DJ Dahi, Sounwave e BadBadNotGood na produção é garantia de magia e instrumental inventivo. Expectativas cumpridas e Lamar a descrever a vida de uma super-estrela enquanto exibe um flow meloso que exige pausa e concentração.
[“LOVE.” FEAT. ZACARI]
“Remember Gardena, I took the studio camera/ I know Top will be mad at me/ I had to do it, I want your body, your music/ I bought the big one to prove it”
And now for something completely different: Zacari a ajudar Kendrick a escrever uma carta de amor para, supomos nós, a mulher. Para quando um álbum de baladas, K-Dot?
[“XXX.” FEAT. U2]
“Ain’t no Black Power when your baby killed by a coward”
A música mais surpreendente do álbum.

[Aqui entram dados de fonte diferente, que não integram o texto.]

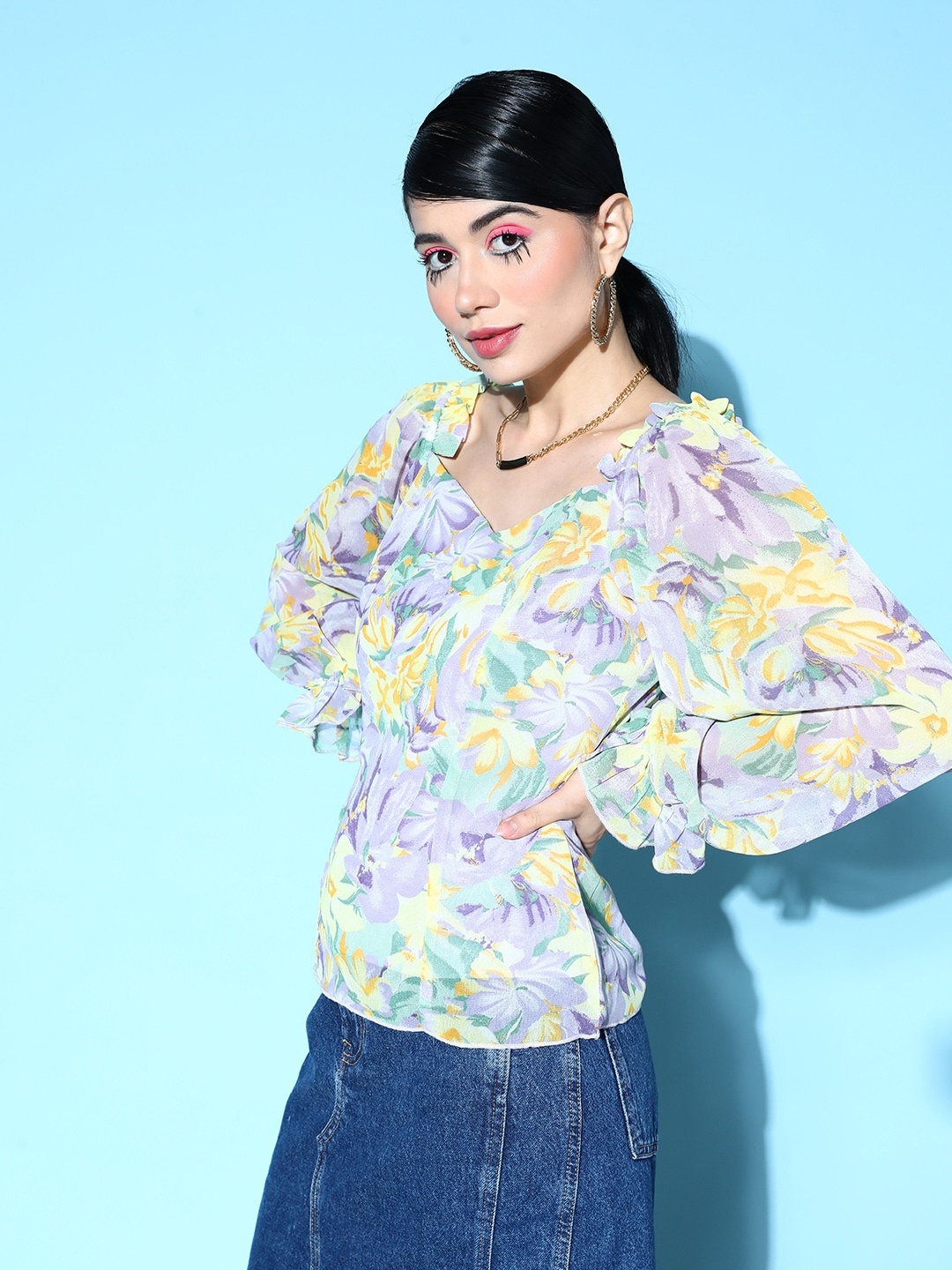 

Berrylush Purple & Yellow Floral Print Sweetheart Neck Georgette Top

Bono cheio de soul no refrão da segunda parte de “XXX.” e o preacher K-Dot a tentar guiar o país entre os escombros deixados por Donald Trump.
[“FEAR.”]
“Within fourteen tracks, carried out over wax/ Searchin’ for resolutions until somebody get back”
Grande beat de The Alchemist a servir uma narrativa elaborada em três partes por Kendrick Lamar. Nas mãos do rapper, é difícil ficar aborrecido e as diferentes perspectivas colocam-nos a mexer no “filme”. Mais um exemplo da capacidade cinematográfica de K-Dot.
[“GOD.”]
“I’m sellin’ verses, Jay Z, watch me work it, JT”
Deus é importante na obra de Kendrick Lamar, sem dúvida, mas a maior beleza na forma como o utiliza é que nunca o vende facilmente ou seja, apresenta visões ambivalentes da sua “presença na nossa vida”. Em “GOD.”, o rapper cita abundamente Drake — More Life anda a rodar na casa de K-Dot? — e apresenta, mais uma vez, a sua visão sobre ter chegado ao topo.
[DUCKWORTH.]
“Pray with the hooligans, shadows all in the dark/ Fellowship with demons and relatives, I’m a star/ Life is one funny mothafucka/ A true comedian, you gotta love him, you gotta trust him”
“DUCKWORTH.” é a pérola mais brilhante de DAMN.. Storytelling de alto gabarito conjugado com três beats de 9th Wonder transformados num só — magia de Kendrick Lamar, contou o produtor. Quatro minutos e pouco de sobressaltos, revelações e tesouros escondidos numa narrativa que liga K-Dot, o seu pai e Anthony “Top Dawg” Tiffith. Um grande filme tem que ter um grande final, certo?